Editor's Note: Christopher Avery (above) is keynoting at The Path to Agility conference on May 23 - 24, 2012 at the Arena Grand Theater in Columbus. 

Christopher Avery: Leadership With Agility
By Terreece Clarke, April 26th, 2012

Christopher Avery, author of “Teamwork is an Individual Skill” and a keynote speaker at The Path to Agility conference on May 24th, is fascinated by the complexities of Agile leadership and its adoption across other industries.

"Agile was named/invented in the software industry so adoption there is ahead of other industries.” Avery said. “However every industry, company, role, and function that is exposed to change, complexity, and uncertainty can learn the mindset and tools for thriving if they are willing to outlearn their competition by practicing responsibility and adopting an agile culture and disciplines.”

Agile in Three Steps

Across any industry, Avery outlines three steps that can be taken to be successful in Agile leadership.

“Taking 100 percent personal responsibility for producing value is the overarching leadership approach,” he said. “To do that we must learn, correct, and improve based on feedback loops.
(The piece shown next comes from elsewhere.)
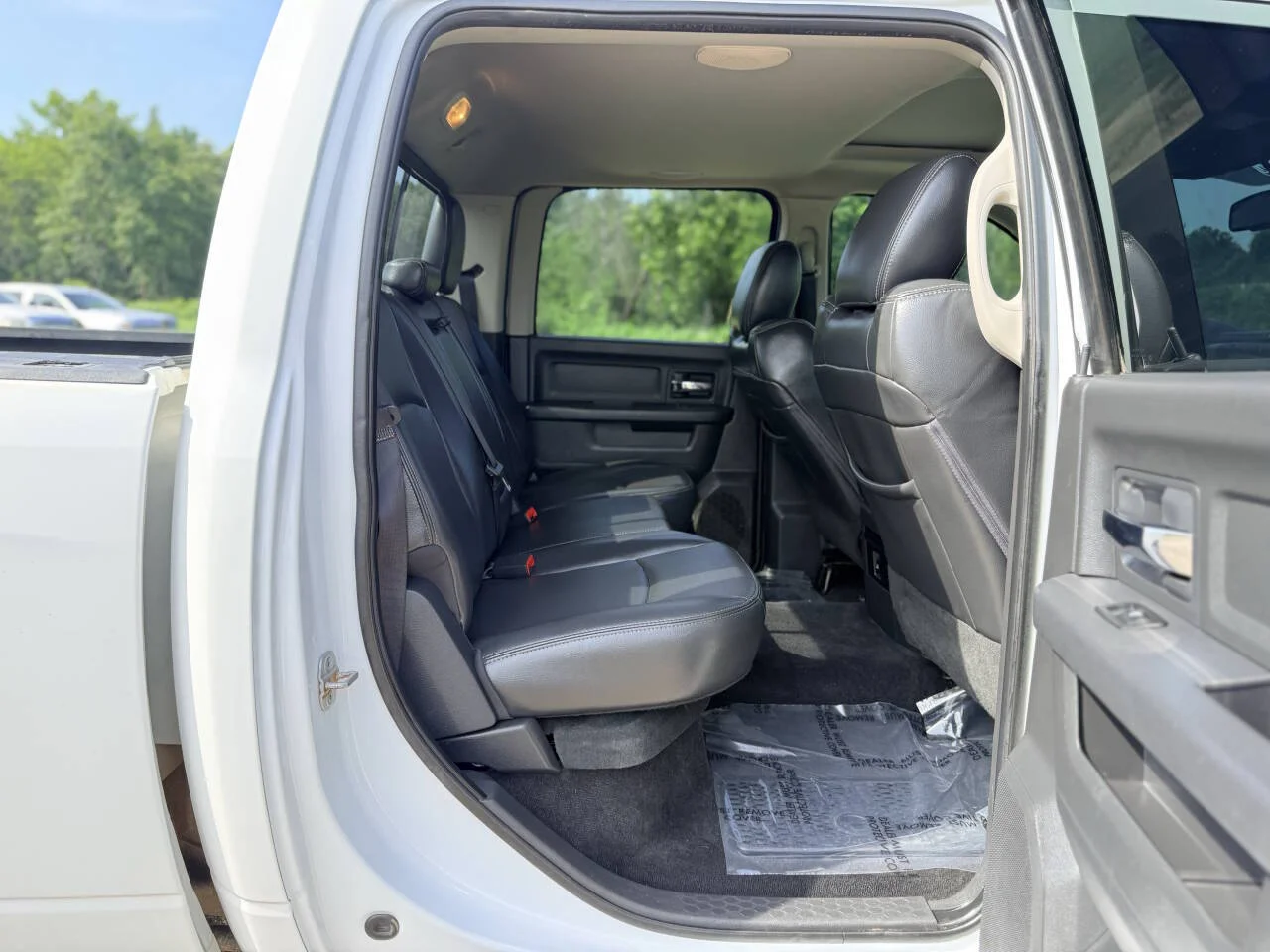 Used 2012 White RAM Sport 4x4 4dr Crew Cab 5.5 ft. SB Pickup image 18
Then we must fearlessly confront impediments to creating value where-ever those impediments are and regardless of whether they are in our control or authority.”

But this isn’t a new concept. In fact, suggests Avery, the very ‘beginnings’ of Agile practices began nearly a century ago before the software industry emerged.
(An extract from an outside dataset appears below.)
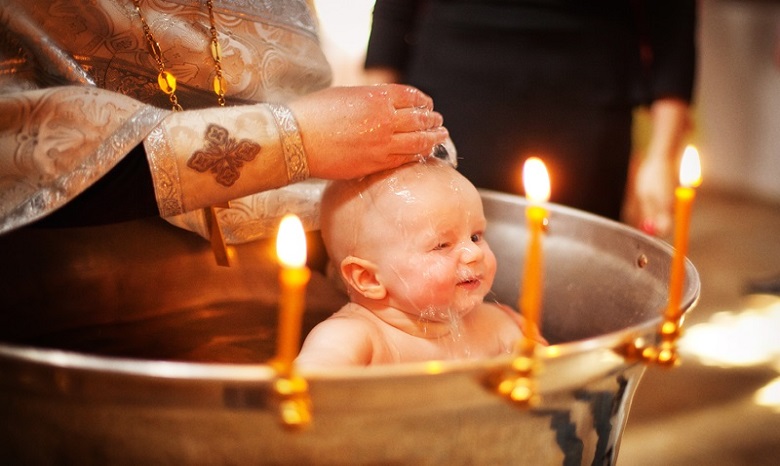 Священник УПЦ рассказал, что обязательно нужно сделать после крещения ребенка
“The roots of agile come from the Quality movement focus on continuous improvement that began in the 1940s and first made its mark in manufacturing,” he said. “So the linear-thinking style of most companies and executives today has been obsolete for half a century.”

Agile = Responsibility

Leaders interested in successful Agile leadership find themselves challenged by Avery's Responsibility Process, digging deep to undo years of learned behavior based on society’s expectations of what responsibility means.

"I want people to know how personal responsibility works in their minds -- how they can tap into their personal guidance system to have the life, work, and relationships of their dreams," he said.

He also said the most pressing issue leaders in charge of leading large change efforts face is their own resistance, defensiveness and coping mechanisms.

“...the basis for all leadership is self-leadership, which many so-called leaders don't do very well. That's why we have such an outcry for real, true, authentic leaders.”

Responsibility Drives Leadership

Personal responsibility has been the cornerstone of Avery's focus for years, making the connection between Agile and his research into leadership theory a seamless one.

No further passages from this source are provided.